David Kinjah – Inspiration und Mentor zugleich
Froomes Reise in eine erfolgreiche Radsport-Zukunft begann schon in jungen Jahren in Kenia. An seiner Seite war damals David Kinjah, der selbst einer von Kenias erfolgreichsten Radsportlern ist. Wir bekamen die Gelegenheit, ein Interview mit ihm zu führen.
Chris Froome lernte David Kinjah im Alter von 13 Jahren kennen. Der Mann mit den Dreadlocks war nicht nur inspirierend für das Nachwuchstalent, er wurde auch zu seinem Trainingspartner.

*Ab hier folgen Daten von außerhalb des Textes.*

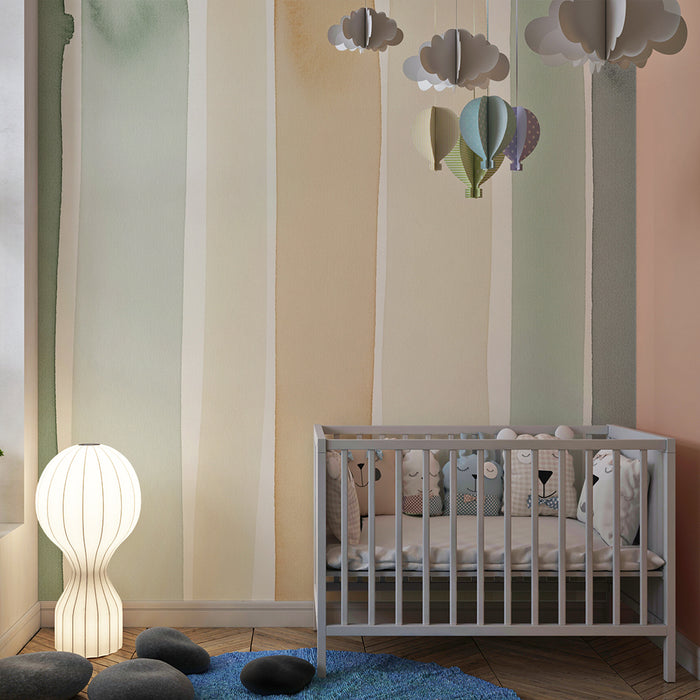 Børneværelse tapet | Bløde vandfarve striber i beroligende toner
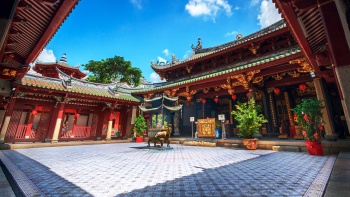 Sân vườn của Chùa Thian Hock Keng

Gemeinsam setzten sie sich in den Sattel und machten sich immer wieder auf zu Tagesausflügen in den kenianischen Busch. Später übernahm Froome eine Rolle in Kinjahs Safari Simbaz Projekt und ging voll darin auf. Während er in Südafrika auf die Schule ging, nutze er jede Gelegenheit, um in den Ferien nach Kenia zurückzukommen und mit David Kinjah zu pedalieren. Froomes Weg an die Spitze des Radsports war also ein ziemlich ungewöhnlicher und mit seinen erfolgreichen Teilnahmen an der Tour de France realisierte er nicht nur seinen eigenen Traum, er lebt auch den von David Kinjah.
Afrika und der Radsport
Die Erfahrungen, die Froome als junger Radsportler sammeln konnte, sind Welten von dem entfernt, was er heute durchlebt. Bei der diesjährigen Tour de France explodierte der 30-jährige förmlich und zeigte auf dem Ansteig nach La Pierre-Saint-Martin eine mehr als beeindruckende Leistung. Als Chris Froome damals mit dem Radsport anfing, dachte in Kenia wohl noch niemand an so etwas wie die Tour de France. Heute sieht das schon ganz anders aus. Es ist aber nicht nur Froomes Erfolg, über den man in Afrika spricht, auch der Südafrikaner, Daryl Impey und das MTN-Qhubeka Team machten auf sich aufmerksam. Daryl Impey war 2013 der erste gebürtige Südafrikaner, der sich das Gelbe Trikot anziehen durfte. Allerdings jagte Froome es ihm auf der achten Etappe ab und konnte es bis zum Ende behaupten. In diesem Jahr machte zudem der Eritreer von MTN-Qhubeka , Daniel Teklehaimanot, von sich reden. Er holte sich das Gepunktete Trikot für die Bergwertung und war somit der erste schwarze Afrikaner, der je ein Klassement bei der Frankreich-Rundfahrt angeführt hat.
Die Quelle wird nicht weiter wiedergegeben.